Bruce Momjian <pgman@candle.pha.pa.us> writes:

Tom, any suggestion on how I can increase clog as part of pg_upgrade?

Append zeroes ...

OK, I can 'dd' /dev/zero to append zeros to pad out the file. How large
does the clog file get, 1gb? Do I need to rename it at all?

-- 
  Bruce Momjian                        |  http://candle.pha.pa.us
  pgman@candle.pha.pa.us               |  (610) 853-3000
  +  If your life is a hard drive,     |  830 Blythe Avenue
  +  Christ can be your backup.        |  Drexel Hill, Pennsylvania 19026
#11Tom Lane
tgl@sss.pgh.pa.us
In reply to: Bruce Momjian (#10)
Re: Strange problem when upgrading to 7.2 with pg_upgrade.

Bruce Momjian <pgman@candle.pha.pa.us> writes:

OK, I can 'dd' /dev/zero to append zeros to pad out the file. How large
does the clog file get, 1gb? Do I need to rename it at all?

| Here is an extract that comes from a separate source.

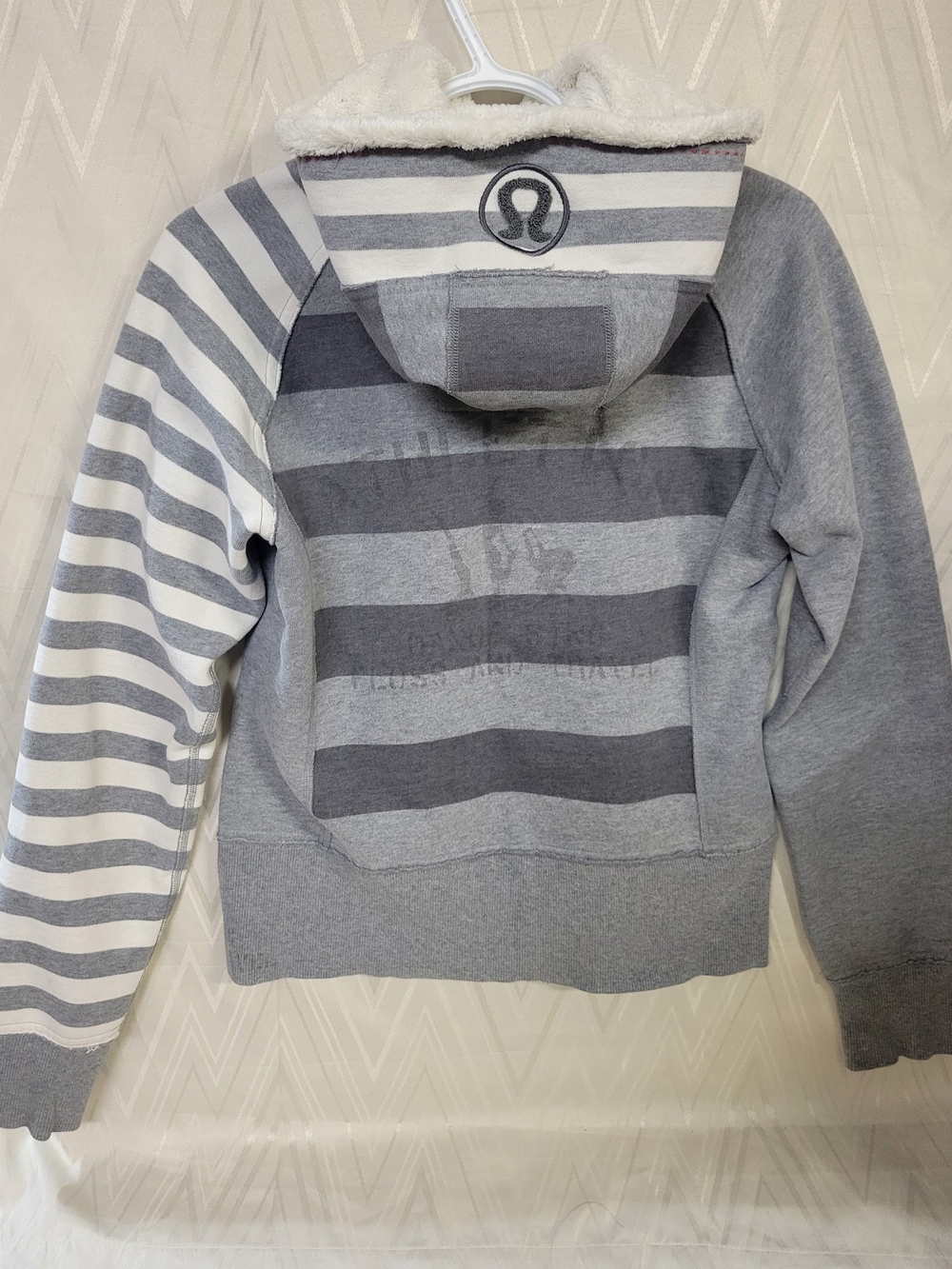 lululemon athletica Grey Striped Hooded Sweater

256KB per segment. Do *not* rename existing segments.

regards, tom lane

#12Bruce Momjian
pgman@candle.pha.pa.us
In reply to: Tom Lane (#11)
Re: Strange problem when upgrading to 7.2 with pg_upgrade.

Tom Lane wrote:

Bruce Momjian <pgman@candle.pha.pa.us> writes:

OK, I can 'dd' /dev/zero to append zeros to pad out the file. How large
does the clog file get, 1gb? Do I need to rename it at all?

256KB per segment. Do *not* rename existing segments.

Right, no rename, but I will have to create additional files in 256kb
chunks, and I assume 1gb of chunks remains in pg_clog directory?

Since I have done a vacuum, I assume I just keep creating 256k chunks
until I reach the max xid from the previous release, and delete the
files prior to the 1gb size limit.

-- 
  Bruce Momjian                        |  http://candle.pha.pa.us
  pgman@candle.pha.pa.us               |  (610) 853-3000
  +  If your life is a hard drive,     |  830 Blythe Avenue
  +  Christ can be your backup.        |  Drexel Hill, Pennsylvania 19026
#13Tom Lane
tgl@sss.pgh.pa.us
In reply to: Bruce Momjian (#12)
Re: Strange problem when upgrading to 7.2 with pg_upgrade.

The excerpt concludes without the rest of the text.